Other picture presets (Gaming, Movie, Reader, Custom, ECO) have different default brightness, contrast, color vibrance, sharpness, gamma, color temperature and Black Equalizer values, and they are less accurate.
Gamma tracking of the Gigabyte GS27QC is also decent with a 2.21 average (2.2 target), though it follows the 2.2 flat gamma instead of the sRGB tone curve, so some dark scenes in sRGB content will appear a bit darker than intended.
Now, while the average Delta E isn’t too bad at 3.58 (color deviation from the target, ≤1.5 is a good result), the maximum Delta E is way off at 17.6. This is mainly due to the monitor’s low sRGB color space coverage. There’s an sRGB mode that can bring down the average Delta E to 2.43 and the maximum down to 14.22.
Although the Gigabyte GS27QC has a 109.8% sRGB gamut volume, it only covers 90.2% of the actual sRGB color space – reds and some green-cyan shades are over-saturated, while blue is heavily undersaturated (hence the high maximum Delta E).
Despite the missing blue shades, the overall viewing experience is not that much different from displays with the standard ~100% sRGB color space coverage – but there’s a notable lack of color vibrance in comparison to wider gamut displays with ~90% DCI-P3 color space coverage (~125% sRGB volume), which are available in this price range.
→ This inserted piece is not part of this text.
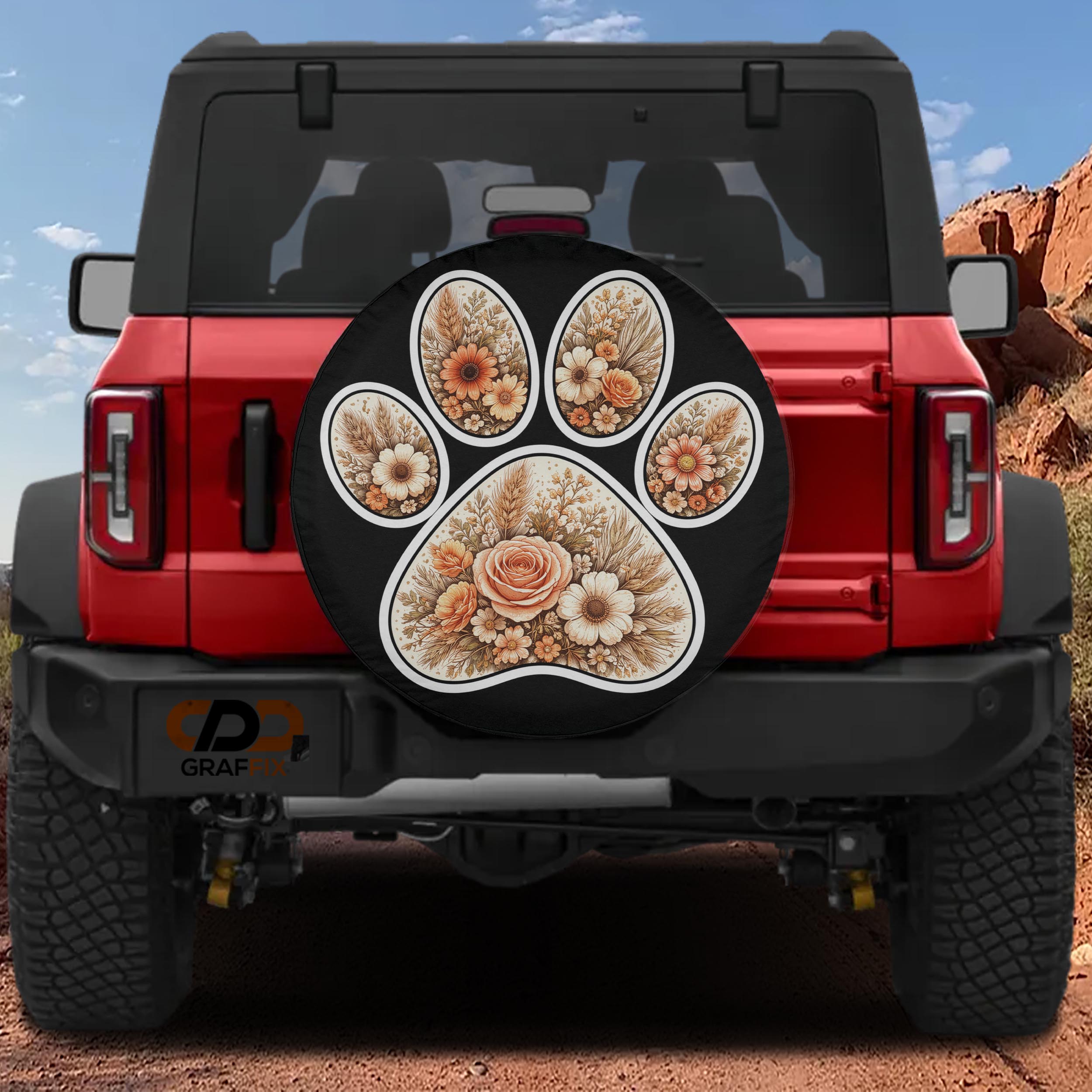 A red Jeep Wrangler with a floral paw print decal on the rear window.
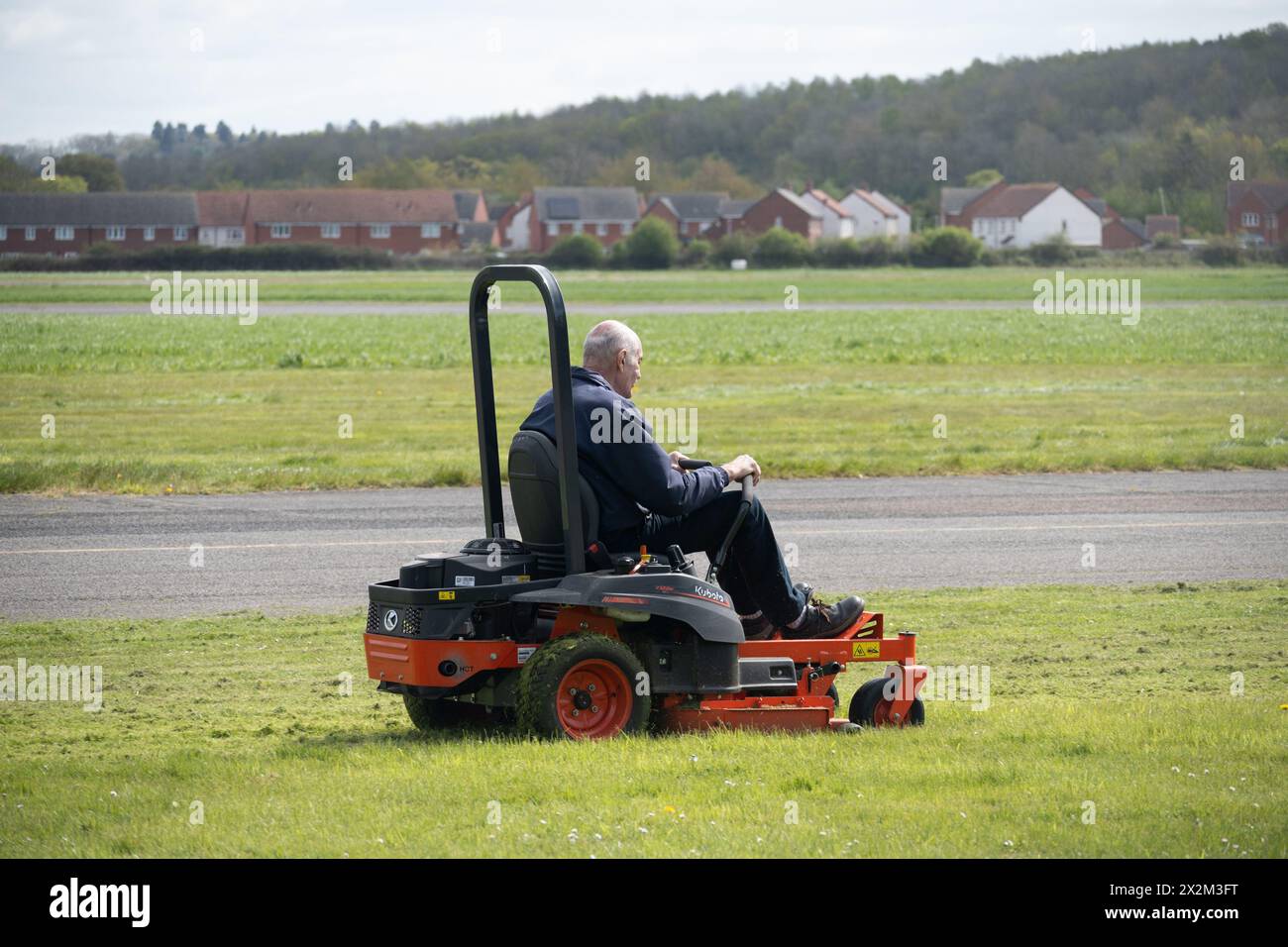 Mann mit einem Kubota Aufsitzmäher am Wellesbourne Airfield, Warwickshire, Großbritannien Stockfoto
If the image looks too dull to you, try increasing the Color Vibrance setting to 12 for a bit punchier (albeit less accurate) colors.
There’s an sRGB emulation mode that clamps the sRGB gamut volume down to ~96% with the same ~90% color space coverage for a lower average Delta E of 2.43 and a maximum of 14.22, but this just makes the colors even less vivid. While the colors are technically more accurate, they’re still not accurate enough.
If you plan on doing professional color-critical work, you should be looking for an IPS panel display anyway for more consistent and accurate colors with wider viewing angles. On VA panel monitors, there are minor gamma/saturation shifts noticeable at certain viewing angles, though this won’t be an issue for everyday use and basic content creation.
For a full calibration of the Gigabyte GS27QC, we used the User Define color temperature setting and changed the red gain to 93, green was left at the default to 100 and blue was reduced to 97 for a color temperature of 6500K.
While we managed to improve whitepoint, gamma, and average Delta E to 1.11, the maximum Delta E was still too high at 8.73 due to the monitor’s limited sRGB color space coverage. We used a brightness setting of 35/100 for 120-nits.
You can download our ICC profile here.
Next, we measured a peak brightness of 283-nits, a minimum brightness of 45-nits and a high static contrast ratio of 3385:1 at 200-nits.
While a peak brightness of 283-nits will make the monitor more than bright enough under normal lighting conditions, if you’re used to brighter screens or you’re in a room with studio lighting (or the screen faces a big window without blinds/curtains), you might need a brighter display than the Gigabyte GS27QC.
The high contrast ratio, on the other hand, allows for deep blacks and vivid details in the shadows of the image, resulting in an immersive viewing experience, especially in dark rooms. IPS panels with the standard ~1,000:1 contrast ratio have grayish blacks in comparison and you also don’t have to worry about IPS glow.
Next, we found one dead pixel in the top right part of the screen, but it’s not noticeable during everyday use. There was no excessive backlight bleeding or VA glow, no frame skipping, image retention or other visual artifacts.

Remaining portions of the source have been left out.